Destroyer. Directed by Karyn Kusama. Starring Nicole Kidman.
Destroyer
Nicole Kidman won a Golden Globe for Best Actress for her portrayal of LAPD detective Erin Bell in the new crime drama Destroyer.

Destroyer. Directed by Karyn Kusama. Starring Nicole Kidman. Rating: 5 (out of 10)

We love the uglification of movie stars, don’t we? Strip away the makeup and add some weight and suddenly a good performance is elevated to “transformative” and fast-tracked for an Oscar.

Charlize Theron was so honoured for Monster. Kidman received Best Actress the year previous when she donned a prosthetic nose in The Hours. And Patricia Arquette just won a Golden Globe and a Critics’ Choice award for her homely turn in Escape At Dannemora. (Male actors get similar treatment – Christian Bale is one such chameleon – but we’re especially fascinated when beauties play beasts.)

Her hair the colour of dirty dish water, her skin cakey, eyes unnaturally, distractingly hollow, Kidman’s portrayal of a burned-out cop certainly fits the bill. But there’s got to be a good story to bolster the performance, and a great performance behind all that pancake makeup and chapped lips. Lamentably, Destroyer has neither. 

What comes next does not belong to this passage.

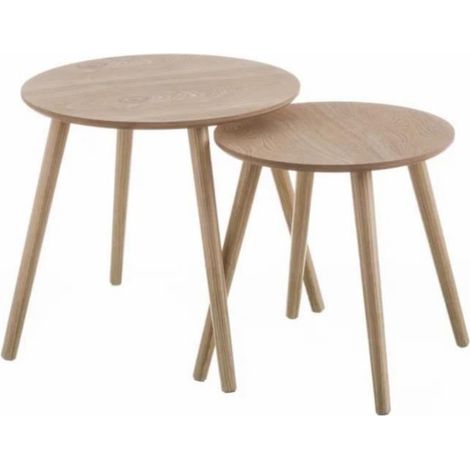 Set de 2 tables basses coloris naturel - Longueur 48 x Profondeur 48 x Hauteur 46 cm (1/3)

We first meet Kidman’s Erin Bell as she wakes up in her car, squinting against the L.A. sun. Erin rises most mornings blind drunk or hungover in her car: in fact, we never really see the inside of her home. This day she staggers over to a crime scene – Walking Dead-style – and notifies the unimpressed officers on duty that she probably knows the guy.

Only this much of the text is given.